Texas Attorney General Ken Paxton on Tuesday announced that he is seeking judicial orders against Democratic state lawmakers who fled the state in an attempt to halt redistricting plans that would favor national Republicans. Through these orders, Paxton is pursuing a court ruling that says lawmakers leaving the state and denying quorum amounts to abandonment of office, making their seats vacant.
“Democrats have abandoned their offices by fleeing Texas, and a failure to respond to a call of the House constitutes a dereliction of their duty as elected officials,” Paxton said in a statement. “Starting Friday, any rogue lawmakers refusing to return to the House will be held accountable for vacating their office.”
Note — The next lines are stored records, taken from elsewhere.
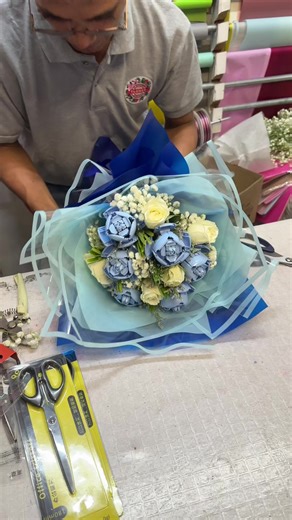 How to Wrap a Beautiful Flower Bouquet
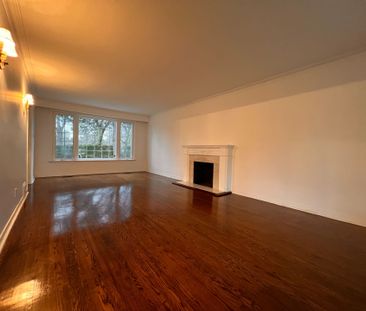 For Lease - 93 Lord Seaton Road, Toronto, Ontario - Photo 5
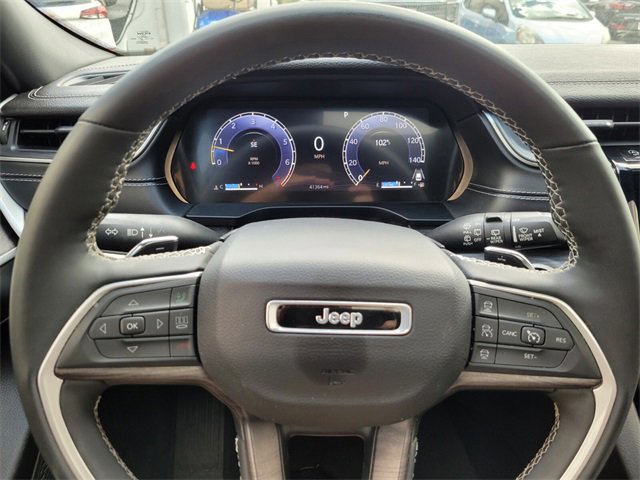 Used 2024 Jeep Grand Cherokee L Limited w/ Luxury Tech Group II image 36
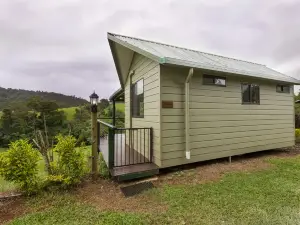 Mena Creek Flower House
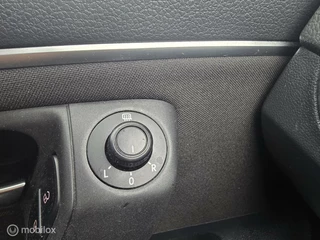 Volkswagen Polo Volkswagen Polo 1.2 TSI Highline / Navigatie/ Led koplampen - afbeelding nr 16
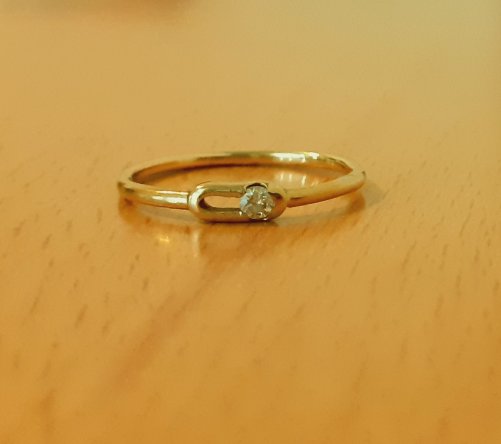 Gold 585 Ring Stein weiß ca. 0,83g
“The people of Texas elected lawmakers, not jet-setting runaways looking for headlines,” Paxton’s statement continued. “If you don’t show up for work, you get fired.”
The attorney general’s announcement is the latest move in an escalating standoff between Texas Republicans, including Governor Greg Abbott and majorities in the state house and senate, and Democratic lawmakers who hold minorities in both chambers. Texas’s legislature was set to vote on a controversial redistricting plan that would redraw U.S. House districts to better advantage Republicans.
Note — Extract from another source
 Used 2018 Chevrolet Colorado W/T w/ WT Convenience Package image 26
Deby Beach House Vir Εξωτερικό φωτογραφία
By leaving the state and traveling to Illinois, dozens of Democratic members of the Texas House of Representatives have deprived the chamber of a quorum, leaving it unable to consider the redistricting legislation. After falling short of a quorum on Monday, the Texas house speaker, Representative Dustin Burrows, issued a call for absent lawmakers to return and threatened them with arrest.
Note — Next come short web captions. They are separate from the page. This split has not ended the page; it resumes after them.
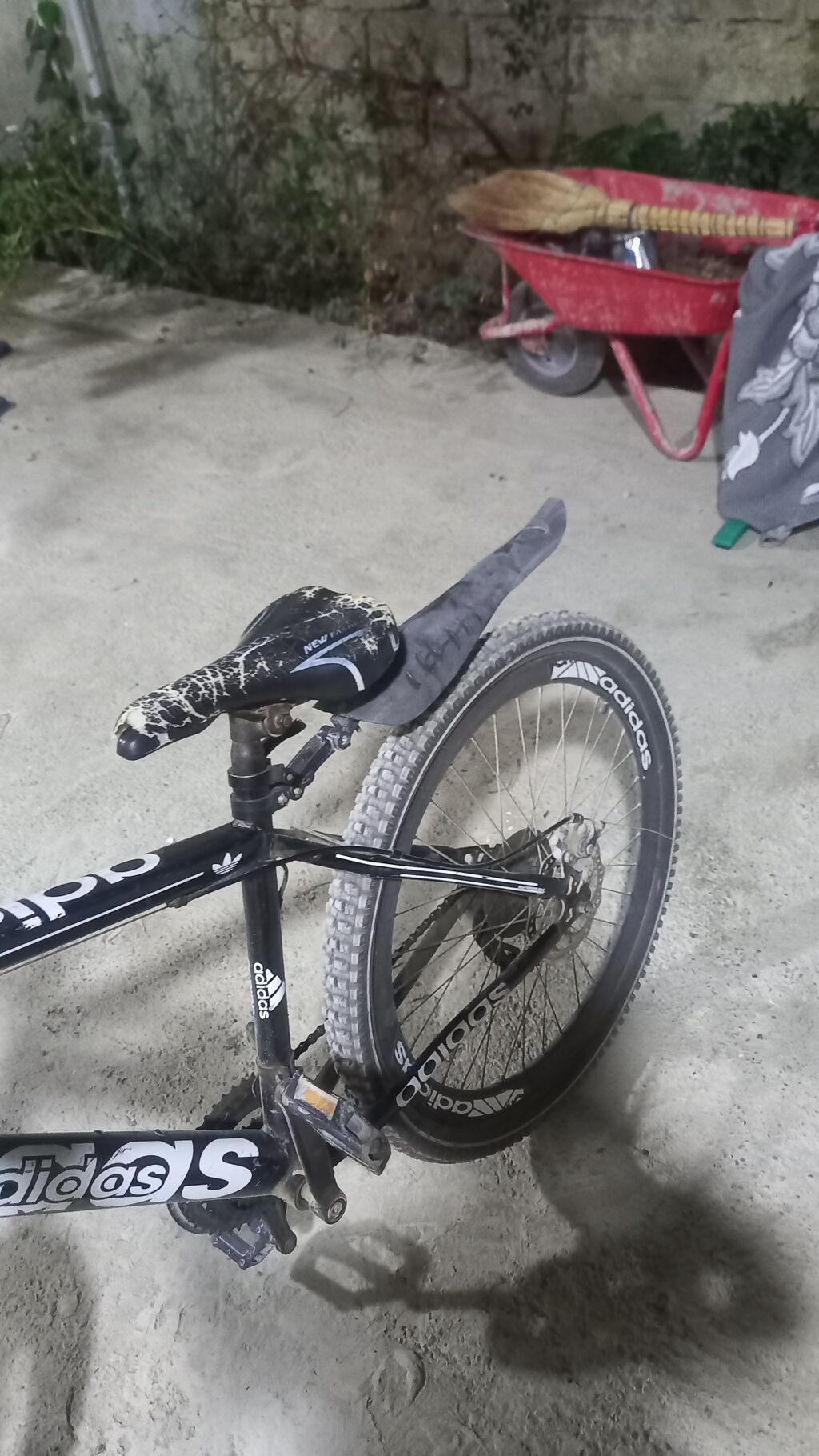 Dağ velosipedi – Adidas temalı çərçivə - Ölçü: 26" təkərlər - — Dağ velosipedləri, Bakı (6)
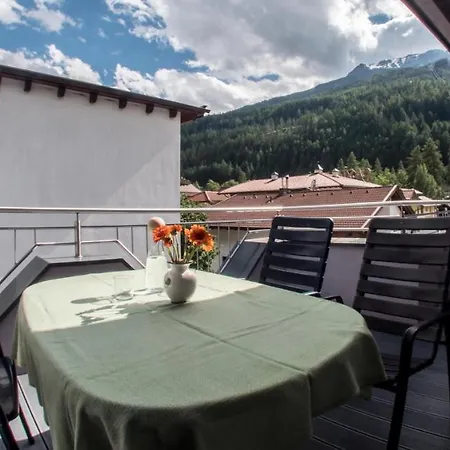 Ξενοδοχείο με διαμερίσματα Alpenapart Saphir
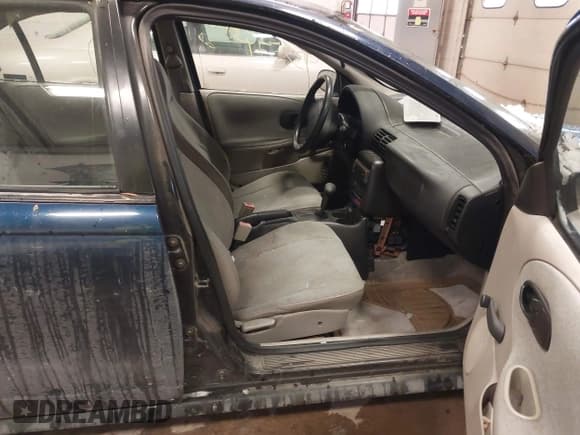 ✅ 1999 Saturn SL • VIN: 1G8ZH5289XZ333314 • Lot: 43857932. Wystawiony na IAAI z przebiegiem Nie podano. Bezpłatny archiwum sprzedaży aukcyjnych z USA i szczegółowy raport historii pojazdu na DreamBid. Zdjęcie 5.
Texas Governor Greg Abbott also threatened absent lawmakers with arrest on Monday. “To ensure compliance, I ordered the Texas Department of Public Safety to locate, arrest, and return to the House chamber any member who has abandoned their duty to Texans,” Abbott said in a statement.
Abbott has limited options to retrieve or punish absent lawmakers until they return to Texas, however. State troopers do not have jurisdiction outside Texas, and Illinois Governor J.B. Pritzker has promised to protect the Texas Democrats hiding out in his state. The arrest warrants apply only within Texas, and breaking quorum is not a crime that would legally allow authorities to pursue extradition.
Attorney General Paxton’s orders represent an alternative effort to either force Democratic lawmakers back to the state, thereby allowing Republicans to enact their redistricting plan, or expel them from office. After falling six votes short of a quorum on Tuesday, the Texas speaker adjourned the chamber until Friday, which corresponds with Paxton’s deadline for Democrats to return.
His attempt is a long shot, however, as the Texas Constitution does not lay out punishments for deliberately breaking a legislative quorum. The state’s supreme court ruled in 2021 that the constitution explicitly allows for the possibility of a “quorum break” and allows remaining members to impose consequences to restore a quorum. Yet Paxton’s notion that leaving the state constitutes abandonment of office is a novel legal argument that faces serious doubts.
Paxton himself conceded on Monday that the process of vacating absent members’s seats would be difficult. “We’d have to go through a court process, and we’d have to file that maybe in districts that are not friendly to Republicans,” he said on Monday. “So it’s a challenge because every district would be different.”
If Paxton were to convince a judge to rule the seats vacant, they would need to be filled through special elections. Temporary vacancies would not lower the quorum threshold, so Republicans would still be unable to advance their redistricting bill even if all currently absent members were removed from office.
The redistricting plan that Texas Democrats are trying to stop would move five additional U.S. House seats in Republicans’s favor. Republicans currently control 25 of the state’s 38 seats in Congress, with Democrats holding the remaining 13.
Trump had requested that Abbott pursue redistricting to improve Republicans’s chances of retaining the House next year. “We have an opportunity in Texas to pick up five seats,” Trump said on Tuesday. “I got the highest vote in the history of Texas, as you probably know, and we are entitled to five more seats.”
Despite being reluctant initially, Abbott agreed to put redistricting on the agenda for a special legislative session after speaking with Trump. He faced wariness from Texas Republicans currently in the House, who feared that redistributing Democratic voters into their districts could backfire and threaten their reelection.
Absent a court ruling that mandates changes to House districts, pursuing redistricting outside the regular ten-year cycle is an unusual move. The bill’s chief sponsor in the Texas statehouse, Representative Todd Hunter, has openly stated the plan’s partisan motivations.
“Different from everyone else, I’m telling you, I’m not beating around the bush,” Hunter said. “We have five new districts, and these five new districts are based on political performance.”
Democratic lawmakers’s strategy of fleeing the state is unlikely to succeed in the long run, as Abbott can keep calling special legislative sessions indefinitely. Nearly all absent lawmakers would need to permanently remain outside Texas to defeat the bill rather than merely delay its passage, which would paralyze all other legislative business.